### Task
When you reach the line below that has "Read Steel Covenant", start returning lines exactly, and stop after the line that has "Thumbnail: 2015 Ford Focus - 4"; skip the pictures.

### Exercise materials

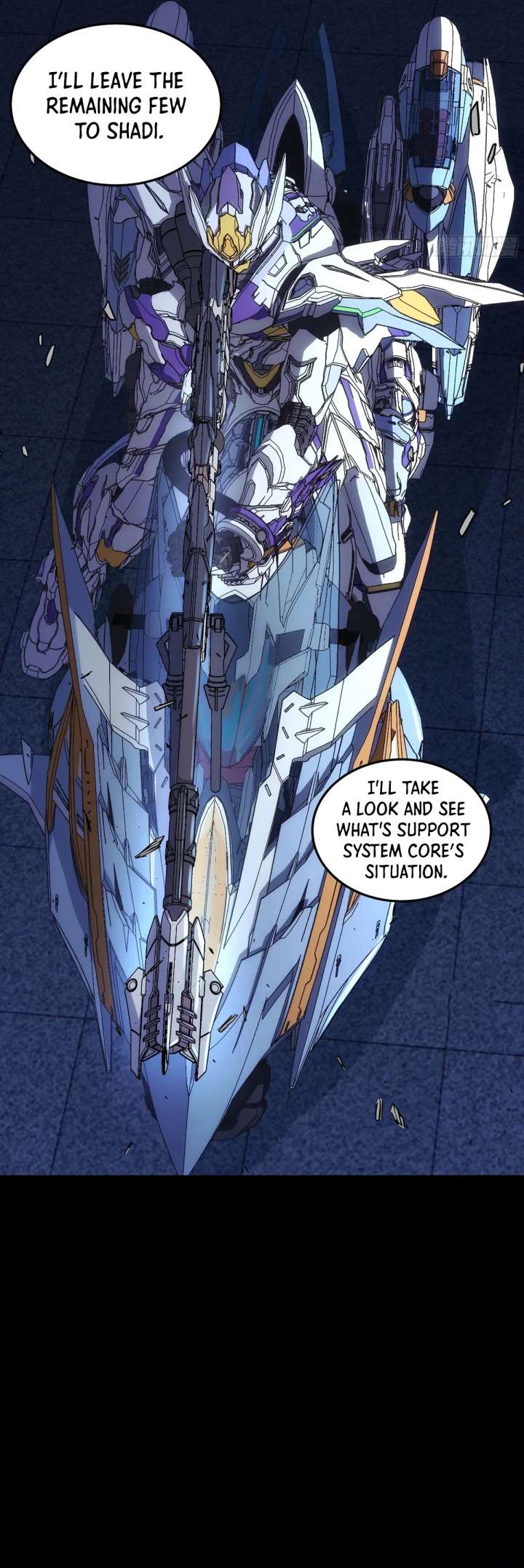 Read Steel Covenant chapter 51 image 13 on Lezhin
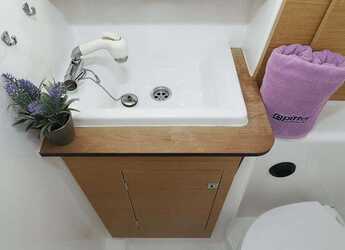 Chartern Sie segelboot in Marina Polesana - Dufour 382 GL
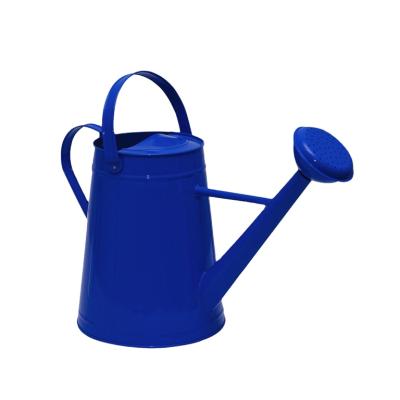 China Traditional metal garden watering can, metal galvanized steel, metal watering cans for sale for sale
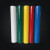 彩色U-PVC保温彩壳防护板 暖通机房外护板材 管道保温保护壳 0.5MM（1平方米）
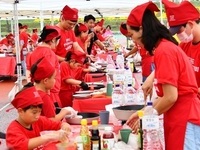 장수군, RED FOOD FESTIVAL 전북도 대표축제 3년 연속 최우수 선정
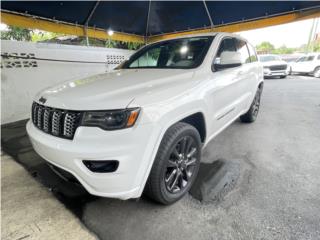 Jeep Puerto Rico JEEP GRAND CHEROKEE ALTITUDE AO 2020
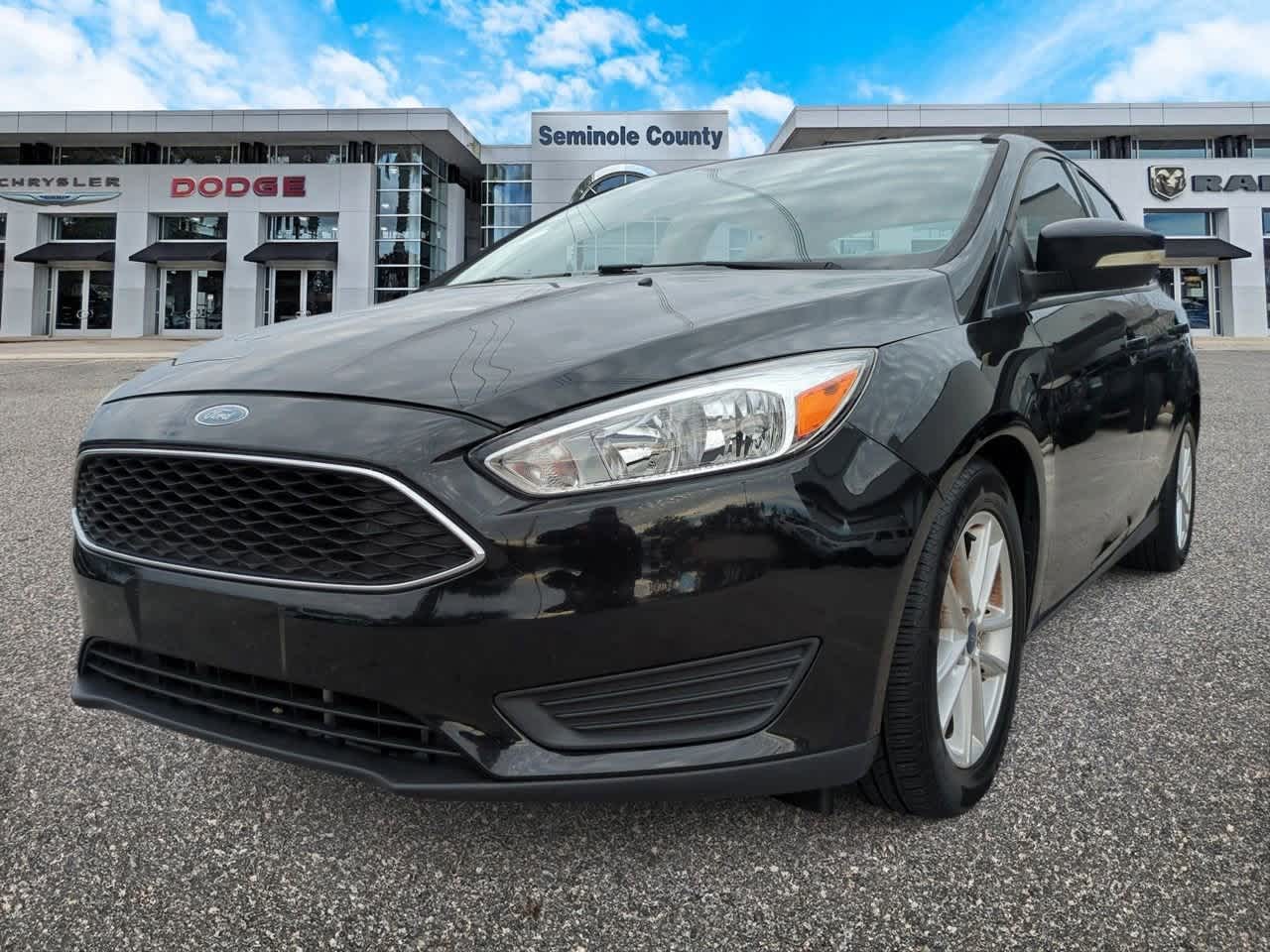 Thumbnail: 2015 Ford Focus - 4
---
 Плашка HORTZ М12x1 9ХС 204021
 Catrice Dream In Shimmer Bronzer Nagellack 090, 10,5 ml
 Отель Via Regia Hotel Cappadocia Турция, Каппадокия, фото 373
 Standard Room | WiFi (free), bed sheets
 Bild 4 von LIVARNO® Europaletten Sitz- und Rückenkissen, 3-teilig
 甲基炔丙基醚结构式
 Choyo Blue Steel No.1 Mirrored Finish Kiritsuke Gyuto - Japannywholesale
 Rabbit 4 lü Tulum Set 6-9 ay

### Answer box
 Read Steel Covenant chapter 51 image 13 on Lezhin
 Chartern Sie segelboot in Marina Polesana - Dufour 382 GL
 China Traditional metal garden watering can, metal galvanized steel, metal watering cans for sale for sale
 彩色U-PVC保温彩壳防护板 暖通机房外护板材 管道保温保护壳 0.5MM（1平方米）
 장수군, RED FOOD FESTIVAL 전북도 대표축제 3년 연속 최우수 선정
 Jeep Puerto Rico JEEP GRAND CHEROKEE ALTITUDE AO 2020
 Thumbnail: 2015 Ford Focus - 4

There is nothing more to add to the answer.